Consideration of the issues

On the affidavit evidence before me on an application made ex parte (as it had to be when applying for Anton Pillar Orders) the Court made the Orders sought. However, upon considering the submissions of both counsel it has now become obvious, on the defendants' application to set aside the said Orders, that there have been material non-disclosures in obtaining the Orders and that the Plaintiffs have not given any undertaking as to damages. Mr. Maharaj agrees that there is no undertaking but then he says to the effect that that is not fatal.

Now to the consideration of the law on these aspects.

In EMI LTD v PANDIT (1975) 1 WLR 312 it was held that there is jurisdiction to grant such an Order ("Anton Pillar) ex parte in "exceptional and emergency cases". In the leading case of ANTON Pillar (supra) the Court of Appeal laid down certain requirements which must be fulfilled and these are [as stated by ORMROD J (ibid)]:

"(i) The applicant must have a very strong prima facie case.

(ii) The potential or actual damage to his interests must be very serious.

(iii) There must be clear evidence that the defendant has in his possession incriminating documents or things, and that there is a real possibility that he may dispose of or destroy such material before any application inter partes can be made."

The history of this procedure which was new at the time of ANTON Pillar (supra) is interesting to indicate the purpose behind it. It has been described by LORD DENNING in his book DUE PROCESS OF LAW (1980) at p.123-124 as follows:

"This new procedure was invented by an ingenious member of the Chancery Bar, Mr. Hugh Laddie. He was consulted by the makers of gramophone records. They have the copyright in all kinds of music and earn their living from royalties on records. Yet these recordings can be easily copied: and there is a vast market for the 'pirates' of them. These 'pirates' reproduce the music illicitly on tapes and records. They have a cheap apparatus. The infringing copies are sold by small shopkeepers in poor surroundings. In the first case in 1974 the owners had a copyright in sound recordings of Indian music. They found out that a Mr. Pandit in a small shop in Leicester was selling infringing copies at a very low price. They issued a writ against him. He swore an affidavit in those proceedings. He said that he had only a very few of these records: that he bought them from a Mr. Hajisayed of Dubai in the Persian Gulf with no proper address. Only a convenient Post Office Box Number. He swore to his own innocence and produced a letter to prove it.
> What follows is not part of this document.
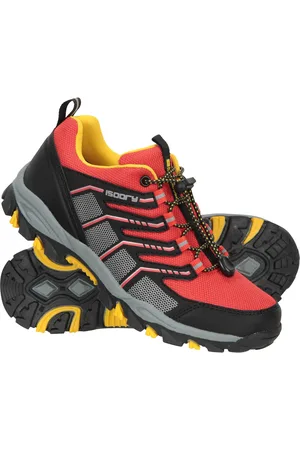 Mountain Warehouse Childrens Unisex Childrens/Kids Bolt Waterproof Trainers (Dark ) - Size UK 12 Kids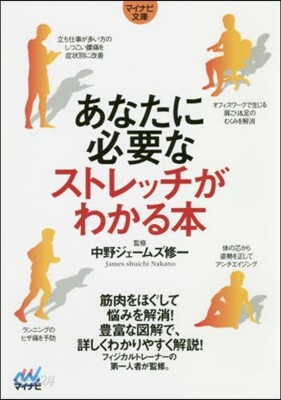 あなたに必要なストレッチがわかる本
The owners of the copyright discovered that that affidavit was a pack of lies: and that Mr. Pandit had forged the letter. They were sure that Mr. Pandit had large quantities of infringing materials on his premises: but, if they went through all the usual legal procedures - and served him with process - those infringing copies could disappear. In Mr. Justice Templeman's phrase, 'the horse will rapidly leave the stable'. So the owners of the copyright made an application - ex parte - for an order enabling them to enter on the premises and look for the infringing copies. The judge realised that it appeared 'at first blush, to be a trespass of property and invasion of privacy'. But he made the order, see EMI v Pandit. Similarly, orders were made in like cases by other Chancery Judges: until one judge doubted the validity of them. Mr. Laddie then brought a case before us to test the point. It was again ex parte - so that the other side knew nothing of it. We looked into it all carefully and upheld the new procedure. It is Anton Pillar KG v Manufacturing Processes Ltd. That case was not about records, but about drawings and confidential information."

In the Anton Pillar case (supra) the circumstances under which this order should be made has been stated by LORD DENNING at p.61 as follows:

"It seems to me that such an order can be made by a judge ex parte, but it should only be made where it is essential that the plaintiff should have inspection so that justice can be done between the parties; and when, if the defendant were forewarned, there is a grave danger that vital evidence will be destroyed, that papers will be burnt or lost or hidden, or taken beyond the jurisdiction, and so the ends of justice be defeated: and when the inspection would do no real harm to the defendant or his case.... We are prepared, therefore, to sanction its continuance, but only in an extreme case where there is grave danger of property being smuggled away or of vital evidence being destroyed."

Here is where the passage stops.